今(いま)ここでの救(すく)い
念仏(ねんぶつ)の教(おし)えにあうものは、いのちを終(お)えてはじめて救(すく)いにあずかるのではない。いま苦(くる)しんでいるこの私(わたくし)に、阿弥陀如来(あみだにょらい)の願(ねが)いは、はたらきかけられている。
親鸞聖人(しんらんしょうにん)は仰(おお)せになる。
信心(しんじん)の定(さだ)まるとき往生(おうじょう)また定(さだ)まるなり
信心(しんじん)いただくそのときに、たしかな救(すく)いにあずかる。
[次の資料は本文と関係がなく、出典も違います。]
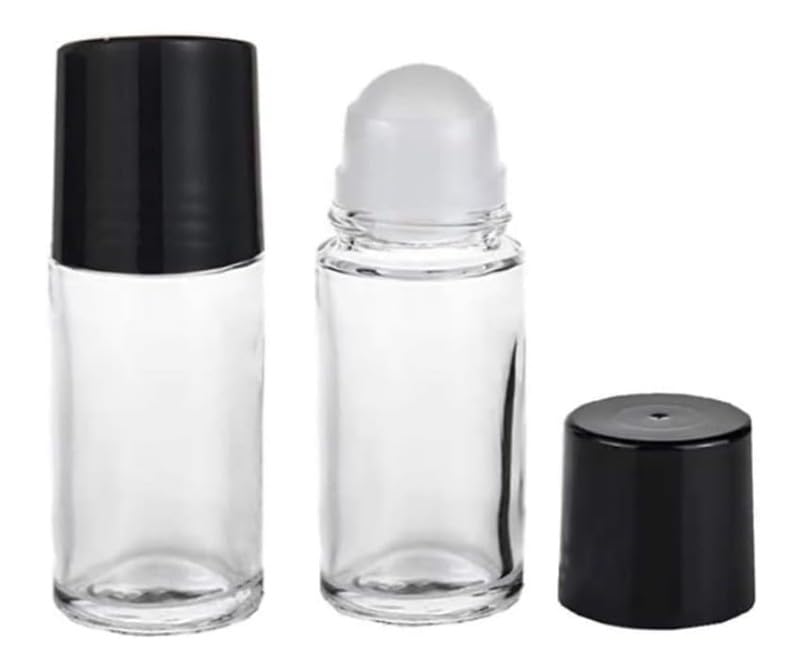 2 Pcs Black Clear Empty Glass Essential Oil Roller Bottles Vials Containers Refillable Roll-On Bottles With Funnel 30Ml Refillab
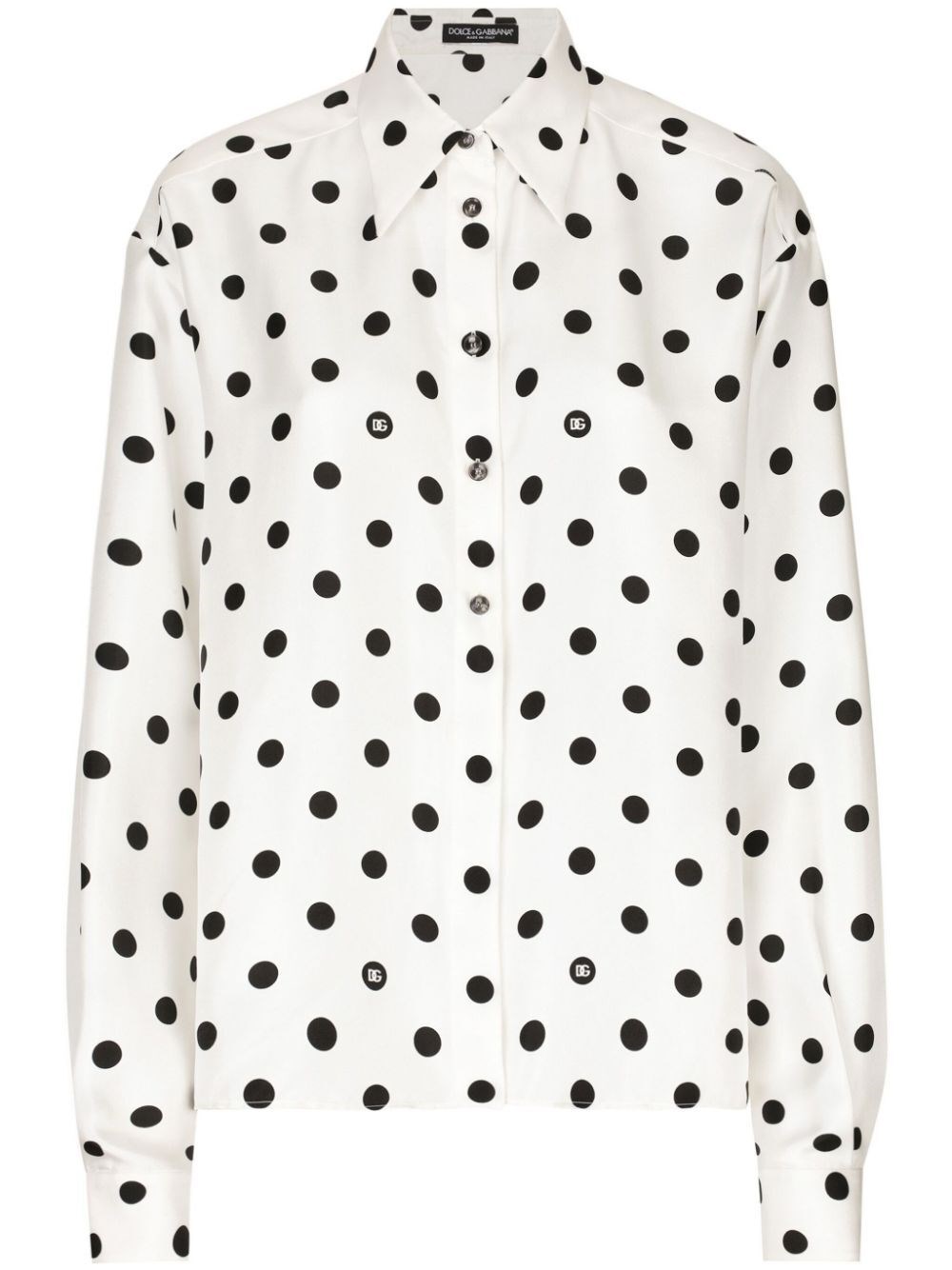 Shop Dolce & Gabbana Silk Twill Shirt With Polka-dot Print In White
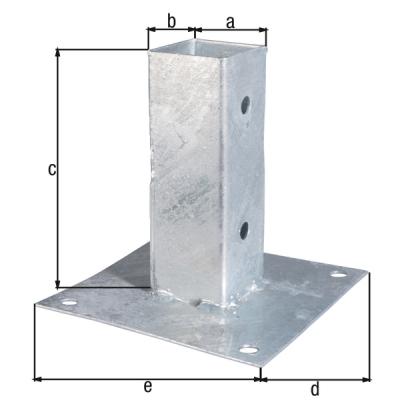 Ancre sur platine pour poteaux en bois carrés 91x91 211639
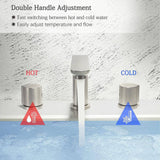 Unbranded Commercial Metering Double Handle Bathroom Sink Faucet in Brass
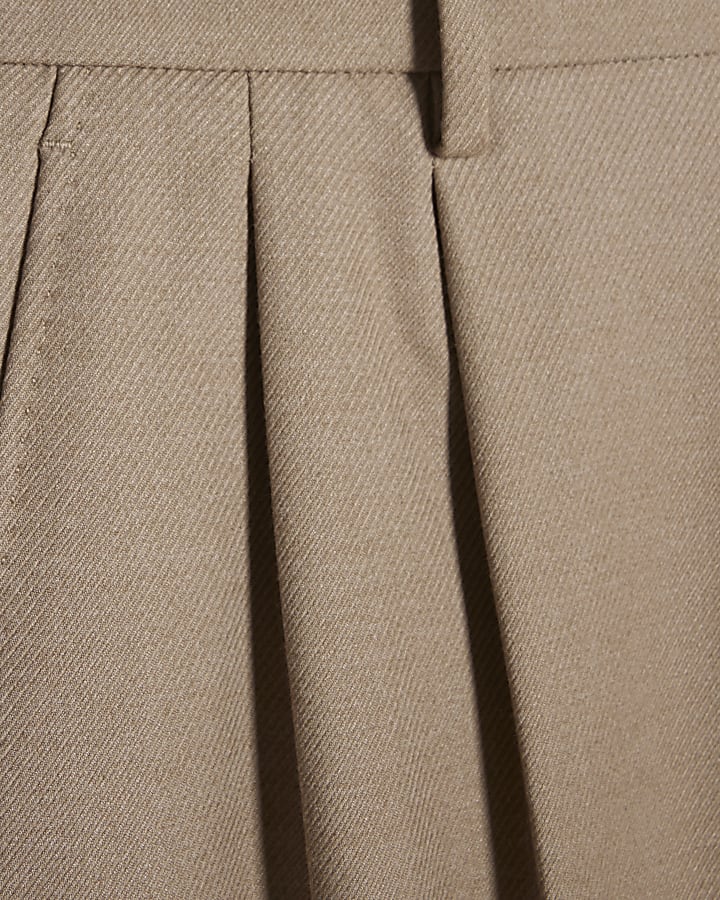 Beige Wide Fit Twill Trousers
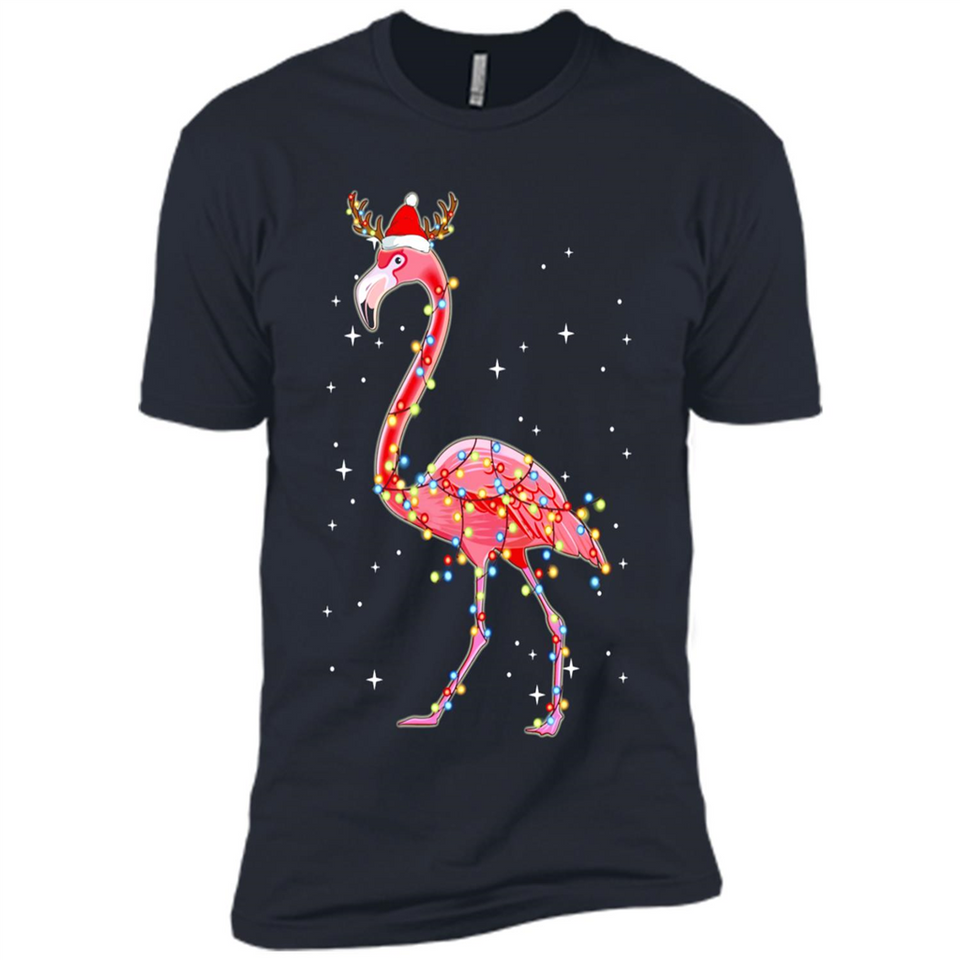 Christmas Lights Flamingo Wearing Santa Hat Funny Xmas - Premium Short Sleeve T-Shirt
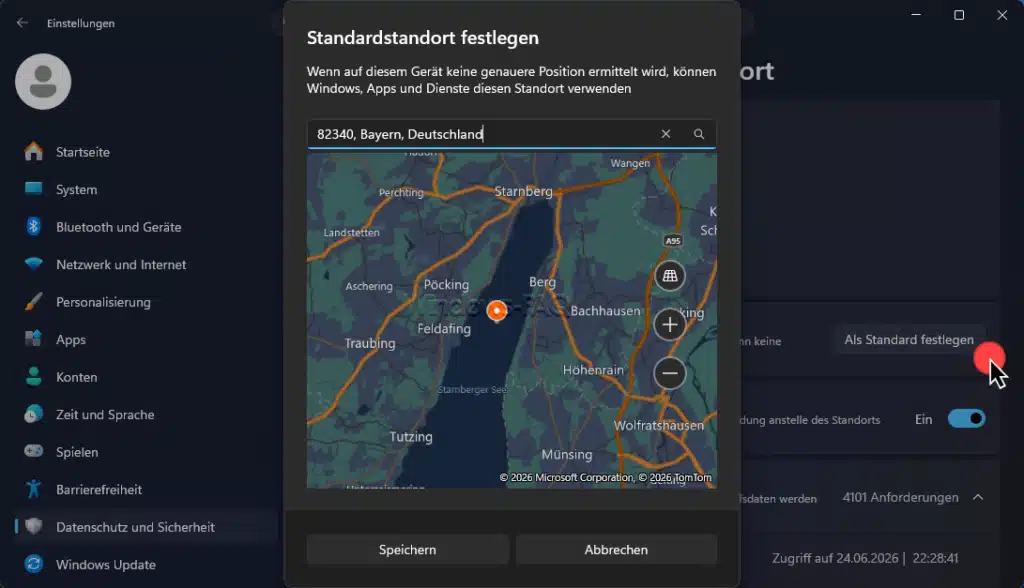 Windows Standardstandort festlegen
如来(にょらい)は、悩(なや)み苦(くる)しんでいる私(わたくし)を、そのまま抱(だ)きとめて、決(けっ)して捨(す)てることがない。本願(ほんがん)のはたらきに出(で)あうその時(とき)に、煩悩(ぼんのう)をかかえた私(わたくし)が、必(かなら)ず仏(ほとけ)になる身(み)に定(さだ)まる。
苦(くる)しみ悩(なや)む人生(じんせい)も、如来(にょらい)の慈悲(じひ)に出(で)あうとき、もはや苦悩(くのう)のままではない。阿弥陀如来(あみだにょらい)に抱(いだ)かれて人生(じんせい)を歩(あゆ)み、さとりの世界(せかい)に導(みちび)かれていくこととなる。
まさに今(いま)、ここに至(いた)り届(とど)いている救(すく)い、これが浄土真宗(じょうどしんしゅう)の救(すく)いである。